Otra preocupación son los impactos sobre los ecosistemas y los hábitats de las especies. Por ejemplo, la materia orgánica exportada a las zonas costeras es un nutriente potencial o una fuente de alimento para las bacterias acuáticas, el fitoplancton y el zooplancton de pastoreo pequeño. El calentamiento climático u otros factores pueden cambiar la cantidad y la calidad del carbono orgánico disponible para estos organismos. Estos organismos acuáticos también son la base de la red alimentaria de todas las comunidades acuáticas.

“Al tratar de comprender el cambio climático y descifrar el rompecabezas del ciclo del carbono, debemos asegurarnos de que estamos usando todas las piezas correctas”, dijo el científico de USGS Rob Striegl. “Como parte de ese rompecabezas, estamos estudiando la fuente y la cantidad de carbono que fluye hacia el Océano Ártico. La comprensión de la imagen completa permite tomar las decisiones más informadas para proteger nuestro medio ambiente “.

“El Ártico es de especial interés porque lo que sucede allí, como el derretimiento extenso de los glaciares, tiene impactos en el resto del mundo”, continuó Striegl. “Los entornos de los glaciares, especialmente los de las altas latitudes del Ártico, también se encuentran entre los más sensibles al calentamiento climático”.

Derretir el flujo de agua que se descarga desde el glaciar Gulkana, Alaska

Derretir la corriente de agua que se descarga del glaciar Gulkana, Alaska. La investigación del USGS sobre el río Yukon ha tenido el objetivo a largo plazo de determinar la fuente y el destino del carbono orgánico transportado por el río al mar de Bering y, en última instancia, al océano Ártico.

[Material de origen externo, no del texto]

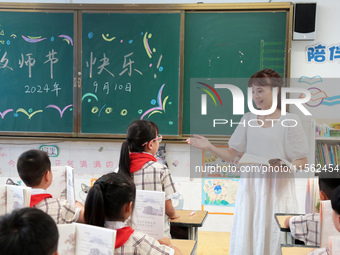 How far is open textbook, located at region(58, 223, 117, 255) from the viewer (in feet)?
4.19

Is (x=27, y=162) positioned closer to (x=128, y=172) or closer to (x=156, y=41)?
(x=128, y=172)

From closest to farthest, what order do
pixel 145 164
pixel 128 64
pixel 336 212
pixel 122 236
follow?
pixel 122 236
pixel 336 212
pixel 145 164
pixel 128 64

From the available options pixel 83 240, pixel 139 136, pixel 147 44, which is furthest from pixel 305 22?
pixel 83 240

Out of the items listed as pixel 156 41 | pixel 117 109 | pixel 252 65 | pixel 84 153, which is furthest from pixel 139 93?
pixel 252 65

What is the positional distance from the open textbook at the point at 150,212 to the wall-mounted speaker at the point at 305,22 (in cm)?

Nuevo giro para comprender el carbono en los glaciares

“Nuestro nuevo artículo describe, por primera vez, la composición química detallada de la materia orgánica disuelta asociada con los glaciares y el agua de deshielo de los glaciares en la costa de Alaska y Wyoming”, dijo Aiken.

“Este estudio agrega un giro a los entendimientos anteriores, mostrando que hay otra fuente de carbono orgánico que debe ser considerada”, dijo Striegl.

Este estudio, publicado en la revista Nature Geosciences, fue un esfuerzo de colaboración de muchas instituciones dirigidas principalmente por la Universidad del Sureste de Alaska, el Instituto Skidaway de Oceanografía, el Centro de Investigación Woods Hole y el USGS.

El papel de la ciencia del USGS

Estudios anteriores del USGS, en colaboración con investigadores universitarios, encontraron la presencia de carbono orgánico antiguo en el río Yukón y lo rastrearon hasta el agua de deshielo de los glaciares. Para más análisis, los científicos del USGS continuaron esas colaboraciones para tomar muestras de agua de deshielo del glaciar Mendenhall y del glaciar Herbert en el sureste de Alaska. Luego, las muestras se analizaron en el USGS y en laboratorios universitarios para desarrollar las conclusiones descritas en este nuevo estudio.

“Este es realmente un esfuerzo de colaboración, que se basa en la experiencia de muchos científicos para reunir la historia sobre la fuente del carbono”, dijo Striegl. “El trabajo original del USGS en la cuenca del Yukon ayudó a formar las preguntas y los resultados de laboratorio contribuyeron a responder las preguntas; pero se requirió instrumentación especializada y experiencia científica de varias otras organizaciones para determinar la respuesta final “.

Las muestras adicionales utilizadas para la datación por edades y para otra caracterización química del carbono orgánico de los glaciares de otros lugares provienen del glaciar Gulkana en Alaska y del glaciar Fremont en Wyoming.

El panorama general del carbono acuático

El USGS tiene un objetivo a largo plazo de determinar la fuente y el destino del carbono orgánico e inorgánico transportado a las áreas costeras y océanos en todo el país. La investigación del USGS sobre el Yukón y otros ríos del Ártico se centra particularmente en los efectos del calentamiento climático en la movilización de carbono antiguo del permafrost hacia las regiones costeras y el Océano Ártico. El USGS participa en el proyecto del Observatorio Ártico de los Grandes Ríos, que es un esfuerzo internacional para estudiar los seis ríos más grandes, incluido el Yukón, que desemboca en el Océano Ártico.